With a grant from the Keep Walking Fund of Johnnie Walker, Jelacic traveled to Bosnia to research refugee housing firsthand, enabling him and Gans to improve their original design. They replaced steel in the frames with fireproof ceramic, making the poles even lighter—and, in some areas, like Nigeria, less likely to be sold on the open market. The architects also made the bases and tops triangular instead of square so they would be more stable on uneven terrain. And because women, children, and old men often erect the housing in refugee camps, they simplified the assembly process.

In addition to supplying a water filtration system, they hope to outfit their shelter with a photovoltaic tarp—an "electric blanket" of sorts—that can power communication devices. "When I was in Bosnia in 2003, nearly every family had purchased, on the black market, a TV and a satellite dish," Jelacic explains. "Not for entertainment. The thing they really want is information. For a displaced person, it can be hard to find a dependable source of news about events that are affecting you." He admits that convincing relief agencies to provide this type of shelter won't be easy because "a lot of political maneuvering [goes] on over how much the refugees get. And, of course, the refugees always come out on the bottom."

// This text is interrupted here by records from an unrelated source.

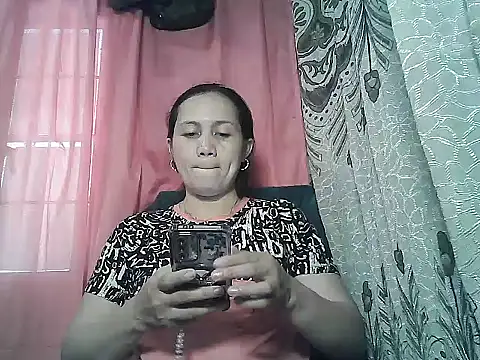 prettymomma24xx online show from March 2026 05:30:02 AM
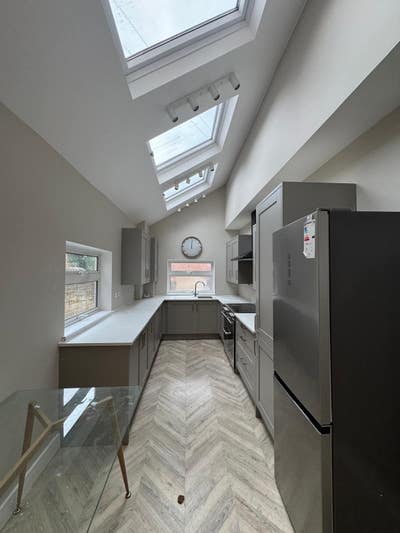 Premium Single Room in Modern 5-Bedroom House Main Photo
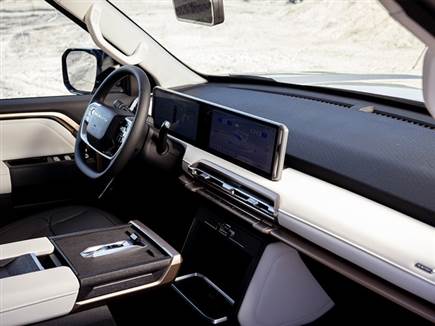 רשימת אבזור ארוכה וציון ריסוק של 5 כוכבים (צילום: ספורט 5)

As a Loeb Fellow, Jelacic looked at redesigning refugee camps altogether. Traditionally, most camps have been set up with rows of tents in a grid-like pattern. It's an ancient military-camp design, well documented by Greek historian Polybius in his attempts to explain the sudden rise of Rome. Because it's extremely efficient, Jelacic says no one has ever questioned it.

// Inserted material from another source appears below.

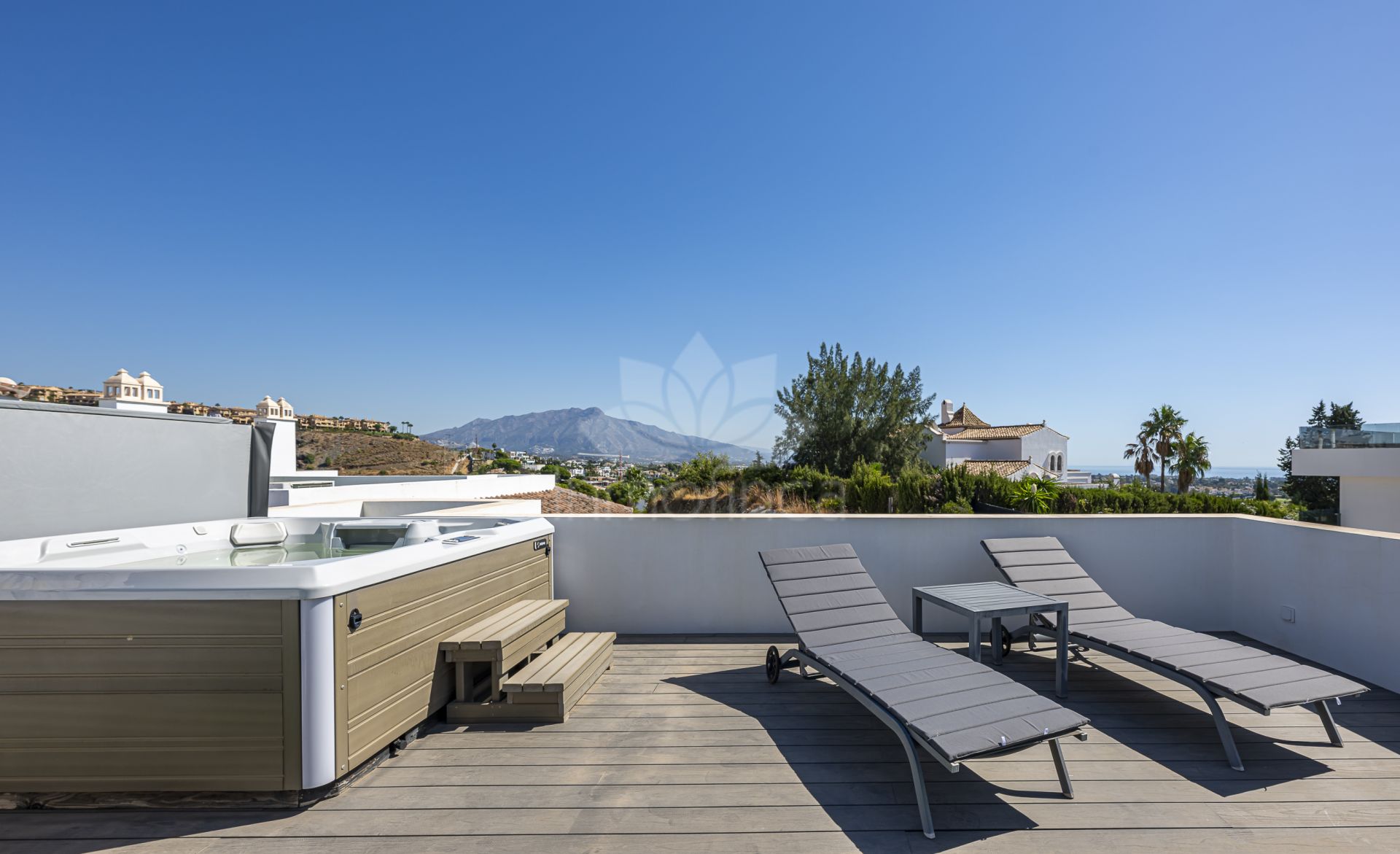 Penthouse in Paraiso Pueblo, Benahavis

"The thing it precludes," he says, "is any type of recapitulation of community social structures." Refugees need to reconstruct their family units and neighborhoods, he says. That way, they can share cooking, childcare, and resources like fuel and water, and can prevent women from getting raped. Reconstructing livelihoods in the camps is also important, he adds. In Somalia, for instance, camps need to provide places where families can keep their cows. "Otherwise," he says, "it's like me without my laptop. I'm suddenly without my tools."

Jelacic and Gans, whose firm is on the eightieth floor of the Empire State Building, have tackled related social challenges in their own backyard, including a new kind of transitional shelter for New York's homeless. They have also designed the "next generation school desk" for the city's School Construction Authority: more than a piece of furniture, the patented, cubical desk-and-seat unit on wheels is "like an office system for kids," Gans explains—a place where overcrowded urban school children can create their own little worlds.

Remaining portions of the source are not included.